Friday, 26 de April de 2024 ISSN 1519-7670 - Ano 24 - nº 1285

Segregação espacial e preconceito de classe

O Brasil possui uma das maiores desigualdades sociais do planeta. Sendo assim, temos, consequentemente, uma sociedade extremamente verticalizada. De um lado, está uma minoria que possui os meios (materiais e imateriais) necessários para realizar praticamente todas as suas aspirações e desejos. De outro lado, excluídos pelo sistema vigente, estão os indivíduos que levam uma existência deletéria, caracterizada por todo tipo de privação. Enquanto ricos e pobres estão espacialmente segregados (estes, morando em favelas, e aqueles em seus luxuosos condomínios), as relações entre as classes são aparentemente “estáveis” e “normais”, cada um ocupando seu “devido lugar” na cidade. Entretanto, a partir do momento em que há a mínima probabilidade de a população de baixa renda dividir os mesmos espaços que as classes altas, os preconceitos elitistas, escamoteados pela hipocrisia cotidiana, tendem a aflorar.

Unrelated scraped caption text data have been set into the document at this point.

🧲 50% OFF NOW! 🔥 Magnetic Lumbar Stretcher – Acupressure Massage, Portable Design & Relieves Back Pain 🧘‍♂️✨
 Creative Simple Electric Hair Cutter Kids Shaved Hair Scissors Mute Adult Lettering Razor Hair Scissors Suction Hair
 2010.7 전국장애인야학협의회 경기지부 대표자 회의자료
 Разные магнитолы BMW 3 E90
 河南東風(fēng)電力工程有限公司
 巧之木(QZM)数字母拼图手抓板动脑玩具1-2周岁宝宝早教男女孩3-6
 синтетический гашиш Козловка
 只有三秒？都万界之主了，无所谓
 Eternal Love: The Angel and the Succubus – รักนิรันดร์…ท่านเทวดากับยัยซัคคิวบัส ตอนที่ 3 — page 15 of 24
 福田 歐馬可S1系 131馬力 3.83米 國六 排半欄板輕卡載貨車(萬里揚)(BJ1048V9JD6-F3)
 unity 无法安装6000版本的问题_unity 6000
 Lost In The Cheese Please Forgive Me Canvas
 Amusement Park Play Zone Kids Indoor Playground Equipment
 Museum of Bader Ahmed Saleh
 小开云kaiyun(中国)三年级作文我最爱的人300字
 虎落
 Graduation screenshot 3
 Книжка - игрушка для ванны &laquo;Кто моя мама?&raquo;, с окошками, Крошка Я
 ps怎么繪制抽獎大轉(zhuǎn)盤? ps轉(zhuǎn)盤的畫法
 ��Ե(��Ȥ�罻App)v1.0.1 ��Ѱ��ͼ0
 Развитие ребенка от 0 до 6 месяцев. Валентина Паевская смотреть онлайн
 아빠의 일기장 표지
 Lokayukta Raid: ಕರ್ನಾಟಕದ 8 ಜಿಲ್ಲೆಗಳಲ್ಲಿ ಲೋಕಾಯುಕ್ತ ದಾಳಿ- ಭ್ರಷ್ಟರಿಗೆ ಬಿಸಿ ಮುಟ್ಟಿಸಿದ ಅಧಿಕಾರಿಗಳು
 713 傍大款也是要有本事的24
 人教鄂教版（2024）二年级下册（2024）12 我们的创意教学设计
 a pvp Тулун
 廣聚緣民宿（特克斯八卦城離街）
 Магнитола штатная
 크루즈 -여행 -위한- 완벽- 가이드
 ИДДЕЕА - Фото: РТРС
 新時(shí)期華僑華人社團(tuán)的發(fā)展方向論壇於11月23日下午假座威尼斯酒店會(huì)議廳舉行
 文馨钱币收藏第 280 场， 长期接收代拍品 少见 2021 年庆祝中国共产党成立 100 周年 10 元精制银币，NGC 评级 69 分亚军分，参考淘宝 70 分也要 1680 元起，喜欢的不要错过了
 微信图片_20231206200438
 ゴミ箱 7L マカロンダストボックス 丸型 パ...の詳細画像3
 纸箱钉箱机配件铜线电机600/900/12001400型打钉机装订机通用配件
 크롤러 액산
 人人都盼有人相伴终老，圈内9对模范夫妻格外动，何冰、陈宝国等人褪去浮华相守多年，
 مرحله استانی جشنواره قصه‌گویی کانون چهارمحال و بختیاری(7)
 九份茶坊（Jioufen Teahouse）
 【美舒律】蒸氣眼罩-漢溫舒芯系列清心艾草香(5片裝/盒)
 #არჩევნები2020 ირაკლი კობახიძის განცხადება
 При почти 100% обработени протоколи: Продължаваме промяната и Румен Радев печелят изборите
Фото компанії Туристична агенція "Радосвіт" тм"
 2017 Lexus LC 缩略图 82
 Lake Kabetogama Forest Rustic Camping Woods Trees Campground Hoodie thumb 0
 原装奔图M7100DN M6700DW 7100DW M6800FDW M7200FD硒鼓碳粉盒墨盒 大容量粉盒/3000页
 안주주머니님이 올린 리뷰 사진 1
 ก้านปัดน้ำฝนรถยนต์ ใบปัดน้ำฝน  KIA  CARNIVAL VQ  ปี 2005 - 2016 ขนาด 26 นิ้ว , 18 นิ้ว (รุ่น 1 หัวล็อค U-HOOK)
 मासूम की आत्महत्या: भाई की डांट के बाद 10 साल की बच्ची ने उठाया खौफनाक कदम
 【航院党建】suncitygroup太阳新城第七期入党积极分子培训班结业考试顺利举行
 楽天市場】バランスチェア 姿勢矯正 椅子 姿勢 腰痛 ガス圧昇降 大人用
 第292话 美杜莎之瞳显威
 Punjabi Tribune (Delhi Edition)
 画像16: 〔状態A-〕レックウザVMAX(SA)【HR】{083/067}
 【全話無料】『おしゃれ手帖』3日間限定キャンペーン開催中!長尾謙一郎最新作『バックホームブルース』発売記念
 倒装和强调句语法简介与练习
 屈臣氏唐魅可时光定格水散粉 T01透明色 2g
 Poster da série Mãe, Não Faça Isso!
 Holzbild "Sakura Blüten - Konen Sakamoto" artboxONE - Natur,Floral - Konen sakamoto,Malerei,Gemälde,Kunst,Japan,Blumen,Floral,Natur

Nesse sentido, uma reportagem intitulada “Moradores de área nobre temem ‘mistura de classes’ com prédio popular”, publicada na Folha de S.Paulo no último domingo (7/6), demonstra emblematicamente até que ponto pode chegar o preconceito de classe no Brasil. De acordo com a matéria, boa parte dos moradores da Vila Leopoldina, bairro da capital paulista em franca ascensão social, é contrária à construção de um conjunto de moradia popular em um terreno localizado entre dois condomínios de luxo, com apartamentos avaliados em até R$ 3 milhões. “Colocar moradia popular vai facilitar a entrada de criminosos. A mistura [de classes] aumenta a inveja”, concluiu a analista de marketing Telma Prats, fazendo uma associação entre pobreza e criminalidade. Para Adaucto Durigan, atual coordenador do Fórum Social da Vila Leopoldina, “moradia popular é que nem feira livre: a maioria dos paulistanos acha importante que exista, mas ninguém quer uma na porta de casa”. Em outros termos, a prefeitura da maior cidade do país pode até continuar sua política habitacional destinada aos pobres, desde que estes fiquem distantes das classes privilegiadas. Já a Associação Vila Leopoldina defende que o terreno seja destinado à construção de um parque ou uma biblioteca.

A convivência com as diferenças

Todavia, não são apenas os moradores da Vila Leopoldina que demonstram seu repúdio em relação à construção das moradias populares. Na seção de comentários do jornal paulista, muitos internautas, sob o anonimato proporcionado pelo meio virtual, não se intimidaram em destilar seus preconceitos de classe. “Ninguém tem receio pela mistura de classes, as pessoas de maior cultura não querem que um bando de pessoas (que por comodismo ou por ‘pobreza cultural’) fique gritando palavrões no meio da rua ou fique chutando sacos de lixo pela rua (como já vi diversas vezes). A pobreza que incomoda não é a monetária, mas sim a mental”, apontou um comentário. Não obstante, outro internauta asseverou que “o pior de tudo será ter que ouvir funk [ritmo geralmente associado aos pobres] ou qualquer outra porcaria desse tipo”.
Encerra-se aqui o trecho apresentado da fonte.